━━ GIVEN RECORDS ━━

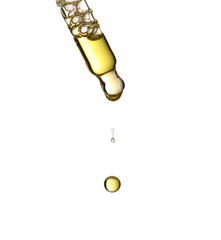 Studio shot of a glass pipette with golden cosmetic oil releasing separated drops, isolated on a white background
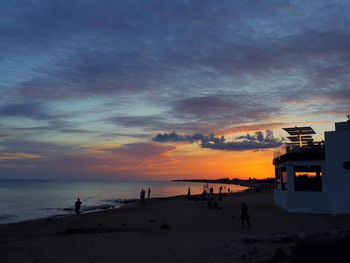 Scenic view of beach against sky during sunset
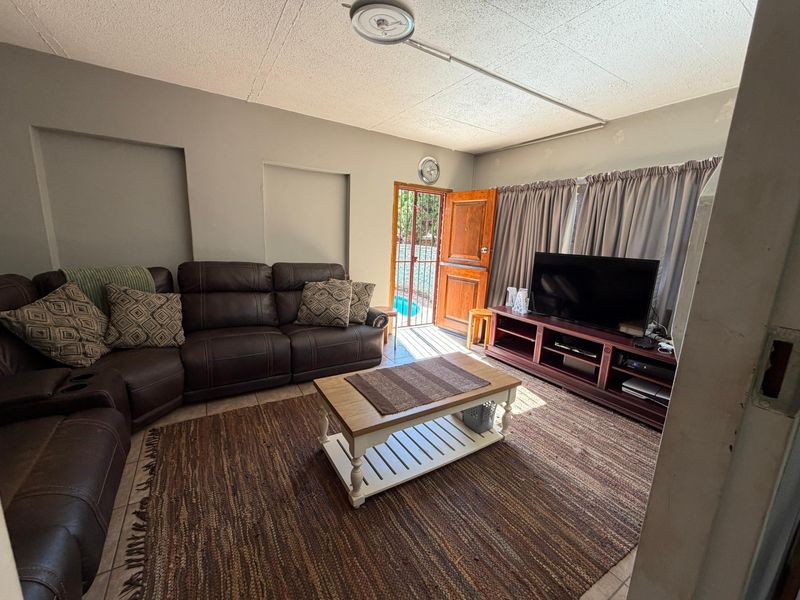 A living room featuring tiled flooring, recessed wall niches, and a wooden door providing direct access to the outdoor pool area.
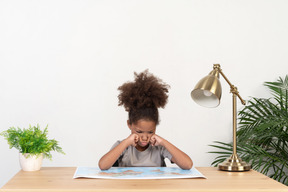 Good looking cute girl with books at the table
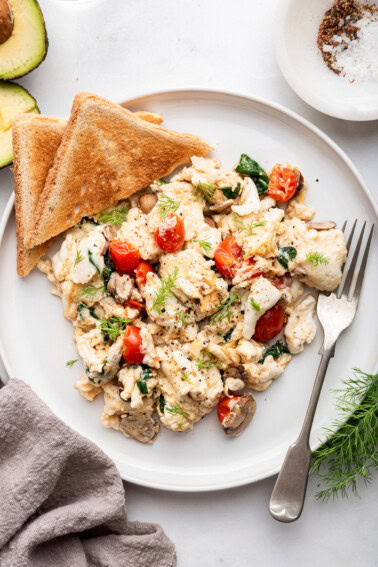 Scrambled egg whites on a plate with two pieces of toast on the side.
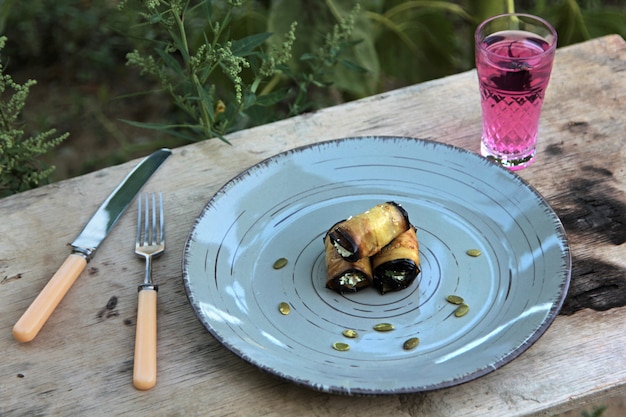 Zijaanzicht van gebraden auberginebroodje met roomkaasknoflook en noten op plaat openlucht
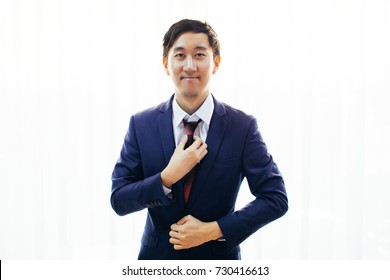 Asian Handsome Man Dressing Up In Formal Suit Over White Background With Copy Space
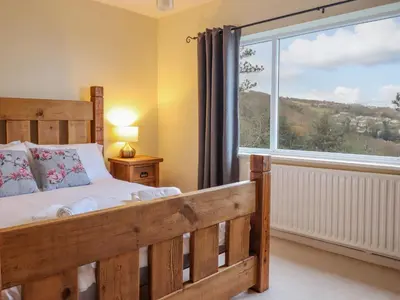 a bedroom with a wooden bed and a large window at The Villa in Harlech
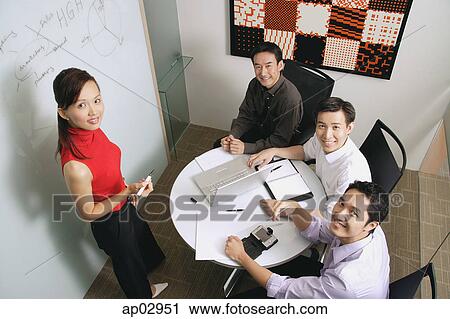 Executives in meeting room, looking up at camera View Large Photo Image Stock Image - Executives in meeting room, looking up at camera. Fotosearch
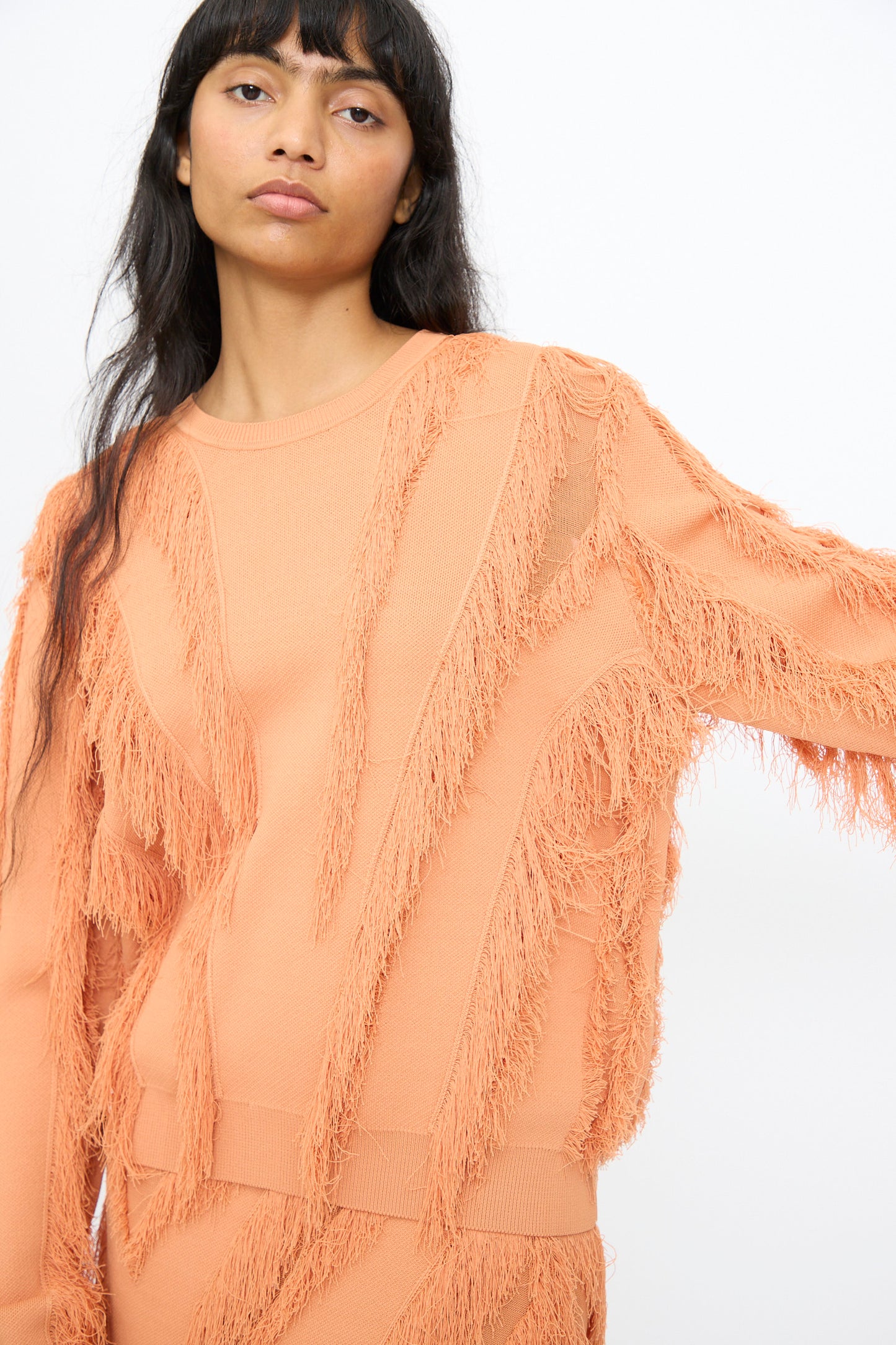 A person wearing the Ulla Johnson Aubree Knit Pullover in Tulip, featuring textured fringe, stands against a plain white background.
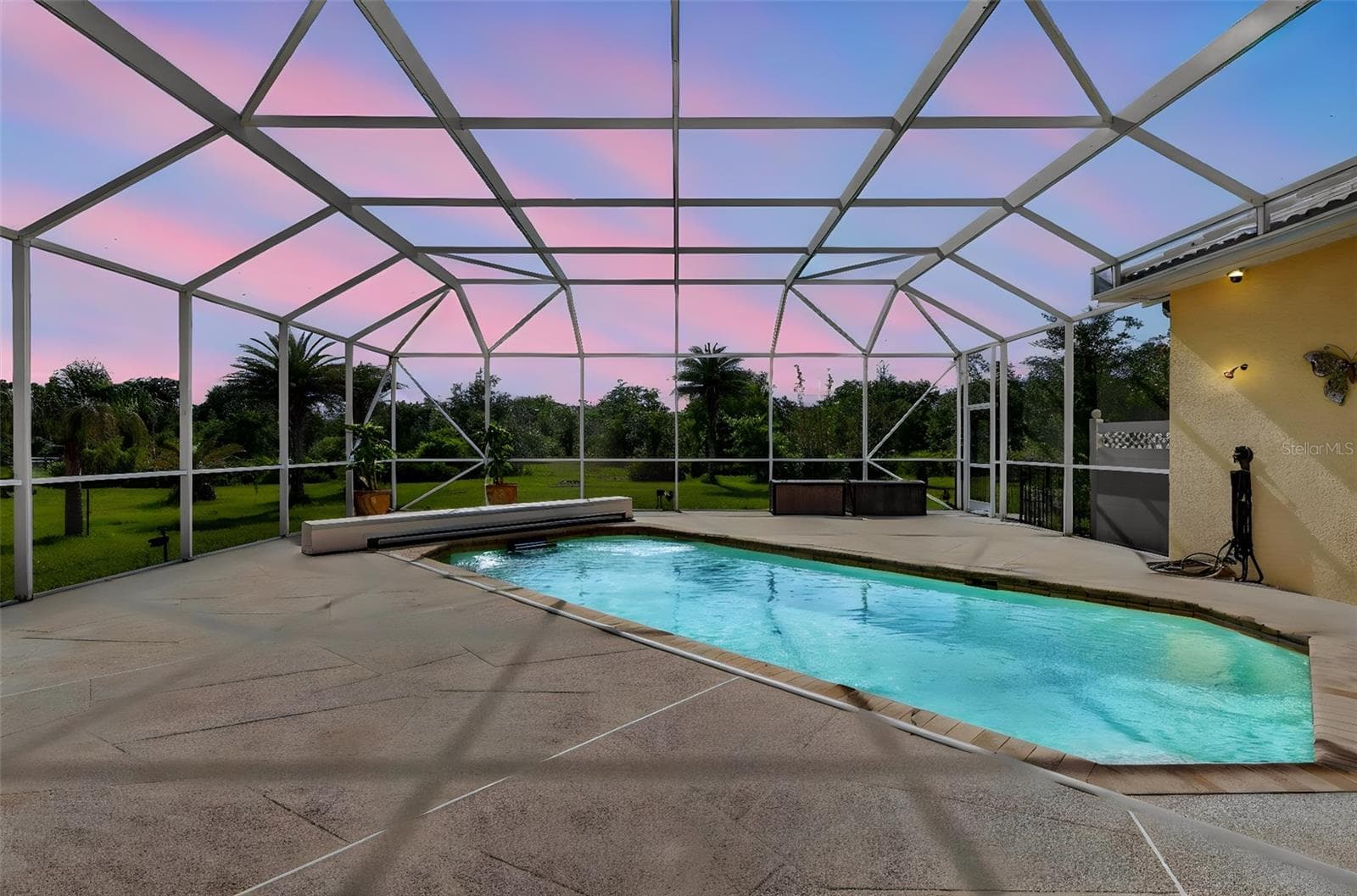 As the sun sets, the pool enclosure transforms into a serene private oasis, showcasing stunning evening skies and tranquil outdoor living. - 1210 408TH CT E, MYAKKA CITY
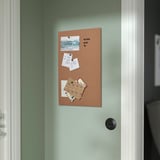 A cork memo board on a light green wall holds photos, notes, and cards with black pushpins, displayed vertically near a door.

━━━

- WHAT IS EXPECTED: All lines above from the one containing "Scenic view of" up to and including the one containing "Zijaanzicht van gebraden" are to be set down exactly, and nothing else. Leave images out.

- COMPLETED EXERCISE:
 Scenic view of beach against sky during sunset
 A living room featuring tiled flooring, recessed wall niches, and a wooden door providing direct access to the outdoor pool area.
 Good looking cute girl with books at the table
 Scrambled egg whites on a plate with two pieces of toast on the side.
 Zijaanzicht van gebraden auberginebroodje met roomkaasknoflook en noten op plaat openlucht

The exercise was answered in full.